La vieille avait fait peu d’attention à ces paroles, étant
toujours occupée de sa main, qui, en présence du Beau Lis, lui semblait devenir
de minute en minute plus noire et plus petite. Elle allait prendre sa corbeille
et s’éloigner, lorsqu’elle s’avisa qu’elle avait oublié le meilleur. Elle tira
le chien métamorphosé de la corbeille et le plaça sur le gazon non loin de la
belle.
« Mon mari, dit-elle, vous envoie ce souvenir. Vous savez
que vous pouvez animer par votre attouchement cette pierre précieuse. Le gentil
et fidèle animal vous procurera certainement beaucoup de plaisir, et je ne
pourrais me consoler de le perdre, si je n’avais pas l’idée que vous le
possédez. »
Le Beau Lis considéra la jolie bête avec plaisir et, à ce
qu’il parut, avec étonnement.
« Bien des signes se rencontrent, dit-elle, qui font naître
chez moi quelque espérance ; mais, hélas ! n’est-ce pas seulement une illusion
de notre esprit, de nous figurer que nous touchons au plus grand bien quand
beaucoup de maux nous assiègent ? »
Après avoir dit ces mots, la belle se mit à chanter les
strophes suivantes :
« De quel secours sont-ils pour moi, tous ces signes
favorables, la mort de l’oiseau, la main noire de mon amie ? Le chien d’onyx
a-t-il son pareil ? Et la lampe ne me l’a-t-elle pas envoyée ?
Éloignée des douceurs de la société humaine, je ne connais
plus que la douleur. Ah ! pourquoi le temple ne s’élève-t-il pas au bord de la
rivière ? Pourquoi le pont n’est-il pas construit ? »
La bonne femme avait écouté avec impatience ce chant, que le
Beau Lis accompagnait des doux sons de sa harpe, et qui aurait ravi toute autre
personne. Elle allait prendre congé, quand elle fut de nouveau retenue par
l’arrivée du serpent vert. Il avait entendu les derniers mots de la chanson, et
là-dessus il s’empressa de dire au Beau Lis d’avoir bon courage.

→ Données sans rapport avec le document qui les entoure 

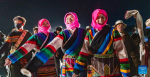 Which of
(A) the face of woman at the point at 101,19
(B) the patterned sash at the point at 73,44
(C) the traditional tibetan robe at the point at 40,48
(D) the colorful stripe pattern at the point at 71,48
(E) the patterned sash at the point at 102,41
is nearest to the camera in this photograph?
(D) the colorful stripe pattern at the point at 71,48

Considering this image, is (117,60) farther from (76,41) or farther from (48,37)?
(48,37)

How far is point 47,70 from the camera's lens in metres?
1.72

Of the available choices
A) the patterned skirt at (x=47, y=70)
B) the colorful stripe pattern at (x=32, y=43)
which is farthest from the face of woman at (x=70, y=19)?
the patterned skirt at (x=47, y=70)

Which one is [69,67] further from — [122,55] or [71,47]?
[122,55]

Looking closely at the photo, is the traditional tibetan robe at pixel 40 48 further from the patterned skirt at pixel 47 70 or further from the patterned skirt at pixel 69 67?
the patterned skirt at pixel 69 67

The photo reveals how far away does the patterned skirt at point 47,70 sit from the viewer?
5.48ft

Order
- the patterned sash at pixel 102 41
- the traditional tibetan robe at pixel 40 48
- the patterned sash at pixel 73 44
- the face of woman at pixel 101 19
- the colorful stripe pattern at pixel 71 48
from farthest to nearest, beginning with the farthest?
the traditional tibetan robe at pixel 40 48 < the patterned sash at pixel 73 44 < the face of woman at pixel 101 19 < the patterned sash at pixel 102 41 < the colorful stripe pattern at pixel 71 48

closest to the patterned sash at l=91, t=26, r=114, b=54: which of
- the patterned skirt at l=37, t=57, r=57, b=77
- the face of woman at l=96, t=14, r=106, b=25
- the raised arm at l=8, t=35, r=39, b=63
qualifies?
the face of woman at l=96, t=14, r=106, b=25

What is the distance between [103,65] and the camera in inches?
51.2

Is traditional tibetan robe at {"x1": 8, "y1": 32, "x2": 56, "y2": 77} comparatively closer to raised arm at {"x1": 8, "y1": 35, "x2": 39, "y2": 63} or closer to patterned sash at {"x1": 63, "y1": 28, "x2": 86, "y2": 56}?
raised arm at {"x1": 8, "y1": 35, "x2": 39, "y2": 63}

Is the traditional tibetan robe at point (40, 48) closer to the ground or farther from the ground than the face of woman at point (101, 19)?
closer to the ground

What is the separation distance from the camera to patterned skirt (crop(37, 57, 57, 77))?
1.67 m

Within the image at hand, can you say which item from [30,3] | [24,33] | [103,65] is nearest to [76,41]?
[103,65]

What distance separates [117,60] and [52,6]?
8.52ft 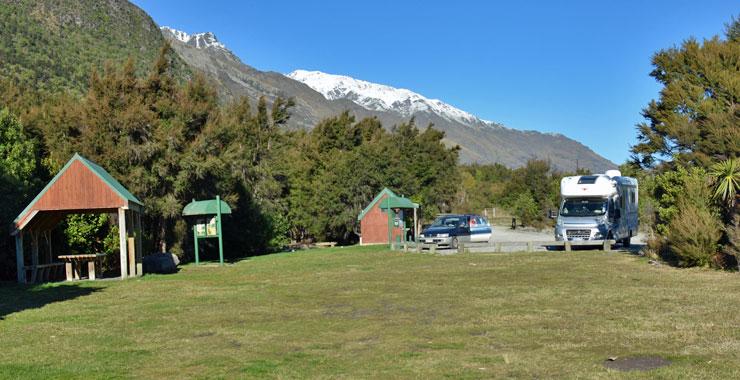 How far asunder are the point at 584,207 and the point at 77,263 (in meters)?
20.7

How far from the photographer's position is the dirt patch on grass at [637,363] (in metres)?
8.20

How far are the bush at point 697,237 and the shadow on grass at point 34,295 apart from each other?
17.0m

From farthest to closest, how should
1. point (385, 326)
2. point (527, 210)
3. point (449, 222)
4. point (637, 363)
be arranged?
point (527, 210)
point (449, 222)
point (385, 326)
point (637, 363)

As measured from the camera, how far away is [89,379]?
8438mm

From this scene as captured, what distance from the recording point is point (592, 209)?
30.9 m

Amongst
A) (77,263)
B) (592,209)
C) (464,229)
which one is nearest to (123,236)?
(77,263)

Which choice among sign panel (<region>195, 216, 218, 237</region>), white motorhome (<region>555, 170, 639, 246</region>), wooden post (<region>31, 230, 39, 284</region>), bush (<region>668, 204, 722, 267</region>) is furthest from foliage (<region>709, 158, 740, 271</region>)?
wooden post (<region>31, 230, 39, 284</region>)

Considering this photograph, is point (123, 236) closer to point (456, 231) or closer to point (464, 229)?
point (456, 231)

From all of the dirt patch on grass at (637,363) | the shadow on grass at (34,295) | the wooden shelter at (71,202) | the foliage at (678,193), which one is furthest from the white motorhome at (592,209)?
the dirt patch on grass at (637,363)

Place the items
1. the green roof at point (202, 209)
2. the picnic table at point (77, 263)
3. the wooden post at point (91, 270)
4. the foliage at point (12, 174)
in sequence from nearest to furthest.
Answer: the picnic table at point (77, 263) < the wooden post at point (91, 270) < the foliage at point (12, 174) < the green roof at point (202, 209)

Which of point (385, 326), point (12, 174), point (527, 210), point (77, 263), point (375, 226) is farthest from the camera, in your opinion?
point (527, 210)

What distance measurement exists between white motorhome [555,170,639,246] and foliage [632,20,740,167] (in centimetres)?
338

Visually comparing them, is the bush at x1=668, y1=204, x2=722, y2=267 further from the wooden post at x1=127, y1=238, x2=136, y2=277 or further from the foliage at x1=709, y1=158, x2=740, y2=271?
the wooden post at x1=127, y1=238, x2=136, y2=277

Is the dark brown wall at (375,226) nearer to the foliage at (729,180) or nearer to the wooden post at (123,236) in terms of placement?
the wooden post at (123,236) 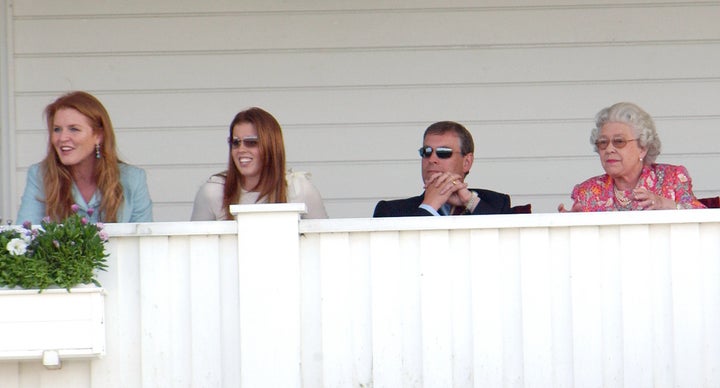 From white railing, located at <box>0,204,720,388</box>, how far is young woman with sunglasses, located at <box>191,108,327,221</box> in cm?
72

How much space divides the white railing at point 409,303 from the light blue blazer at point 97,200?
57 centimetres

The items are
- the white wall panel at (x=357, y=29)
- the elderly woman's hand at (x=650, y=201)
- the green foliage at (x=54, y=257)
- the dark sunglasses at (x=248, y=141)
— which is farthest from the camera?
the white wall panel at (x=357, y=29)

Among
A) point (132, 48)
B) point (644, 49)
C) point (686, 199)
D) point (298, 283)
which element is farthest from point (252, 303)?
point (644, 49)

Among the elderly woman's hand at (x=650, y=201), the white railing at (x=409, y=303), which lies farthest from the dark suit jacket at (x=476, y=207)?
the white railing at (x=409, y=303)

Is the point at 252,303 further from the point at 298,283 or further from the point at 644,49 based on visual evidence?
the point at 644,49

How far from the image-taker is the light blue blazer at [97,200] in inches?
191

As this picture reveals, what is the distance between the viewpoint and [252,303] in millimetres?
4391

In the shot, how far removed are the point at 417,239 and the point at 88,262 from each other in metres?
1.08

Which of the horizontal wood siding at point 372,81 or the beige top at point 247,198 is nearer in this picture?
the beige top at point 247,198

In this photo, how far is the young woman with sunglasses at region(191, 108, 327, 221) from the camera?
16.8 ft

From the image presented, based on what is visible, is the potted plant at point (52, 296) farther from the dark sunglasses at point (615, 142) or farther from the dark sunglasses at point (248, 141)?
the dark sunglasses at point (615, 142)

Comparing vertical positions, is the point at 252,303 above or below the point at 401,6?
below

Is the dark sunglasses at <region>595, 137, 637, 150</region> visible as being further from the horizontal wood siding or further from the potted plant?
A: the potted plant

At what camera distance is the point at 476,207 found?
521cm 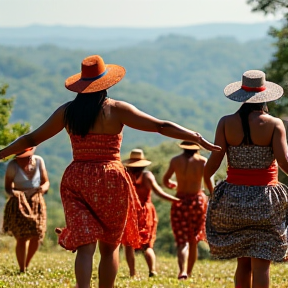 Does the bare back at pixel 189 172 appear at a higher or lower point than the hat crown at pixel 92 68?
lower

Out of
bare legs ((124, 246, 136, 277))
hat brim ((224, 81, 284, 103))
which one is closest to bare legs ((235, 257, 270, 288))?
hat brim ((224, 81, 284, 103))

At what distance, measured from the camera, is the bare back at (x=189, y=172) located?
12.0 m

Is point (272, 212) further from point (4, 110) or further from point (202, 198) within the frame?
point (4, 110)

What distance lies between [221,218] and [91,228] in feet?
4.03

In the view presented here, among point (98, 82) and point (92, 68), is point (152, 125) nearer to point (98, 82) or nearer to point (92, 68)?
point (98, 82)

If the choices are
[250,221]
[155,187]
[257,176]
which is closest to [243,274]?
[250,221]

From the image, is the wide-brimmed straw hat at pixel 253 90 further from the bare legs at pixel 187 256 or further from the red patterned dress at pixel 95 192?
the bare legs at pixel 187 256

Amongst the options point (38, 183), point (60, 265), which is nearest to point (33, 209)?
point (38, 183)

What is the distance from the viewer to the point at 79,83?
7066 millimetres

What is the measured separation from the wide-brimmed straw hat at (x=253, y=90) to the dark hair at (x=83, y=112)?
1.20 metres

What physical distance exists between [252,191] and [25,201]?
15.1 feet

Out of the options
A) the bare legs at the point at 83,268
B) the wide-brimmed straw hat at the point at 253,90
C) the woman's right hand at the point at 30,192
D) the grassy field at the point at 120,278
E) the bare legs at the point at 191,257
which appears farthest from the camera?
the bare legs at the point at 191,257

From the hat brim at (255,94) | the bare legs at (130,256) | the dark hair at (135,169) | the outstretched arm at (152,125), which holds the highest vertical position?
the hat brim at (255,94)

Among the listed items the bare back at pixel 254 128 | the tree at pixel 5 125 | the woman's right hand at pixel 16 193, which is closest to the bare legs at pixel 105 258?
the bare back at pixel 254 128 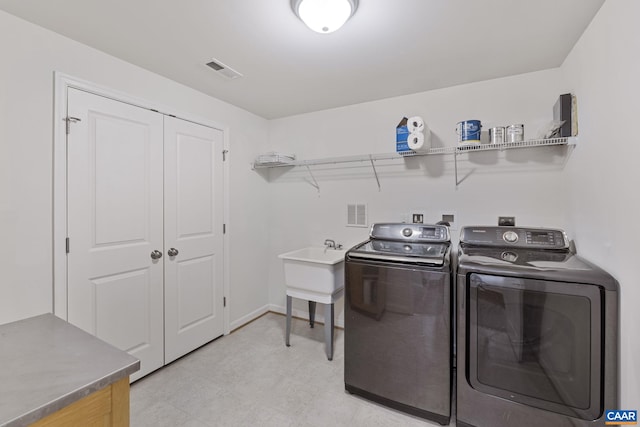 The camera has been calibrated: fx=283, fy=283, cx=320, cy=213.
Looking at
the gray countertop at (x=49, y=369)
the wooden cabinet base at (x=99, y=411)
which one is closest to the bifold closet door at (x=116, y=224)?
the gray countertop at (x=49, y=369)

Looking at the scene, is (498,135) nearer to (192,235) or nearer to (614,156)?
(614,156)

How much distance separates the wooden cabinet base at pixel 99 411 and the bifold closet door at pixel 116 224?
118 cm

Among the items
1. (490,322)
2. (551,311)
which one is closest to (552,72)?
(551,311)

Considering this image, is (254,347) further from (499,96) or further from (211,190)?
(499,96)

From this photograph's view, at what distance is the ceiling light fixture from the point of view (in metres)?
1.34

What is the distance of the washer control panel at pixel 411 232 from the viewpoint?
7.20 feet

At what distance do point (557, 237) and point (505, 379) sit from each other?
3.14 feet

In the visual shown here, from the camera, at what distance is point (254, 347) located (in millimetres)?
2623

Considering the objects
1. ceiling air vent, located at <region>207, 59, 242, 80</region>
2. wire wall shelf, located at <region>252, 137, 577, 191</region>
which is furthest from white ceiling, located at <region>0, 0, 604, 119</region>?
wire wall shelf, located at <region>252, 137, 577, 191</region>

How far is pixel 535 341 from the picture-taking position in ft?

« La prédiction du pont est accomplie, lui dit-il. Demandez
à cette bonne femme comme l’arche en est maintenant magnifique ! Ce qui n’était
que jaspe sans transparence et simple agate, que la lumière pénétrait seulement
aux arêtes, est devenu une pierre diaphane ; le béryl est moins brillant,
l’émeraude est moins belle.
- Je vous en félicite, dit le Lis, mais pardonnez-moi si je
ne crois pas encore la prédiction accomplie. Les piétons peuvent seuls passer
sur votre arche élevée, et il nous est promis que les chevaux et les voitures
et les voyageurs de toute sorte pourront passer et repasser en même temps sur
le pont. La prophétie ne dit-elle pas que de grands piliers s’élèveront du sein
même de la rivière ? »
La vieille, qui avait eu les yeux toujours fixés sur sa
main, interrompit la conversation et prit congé.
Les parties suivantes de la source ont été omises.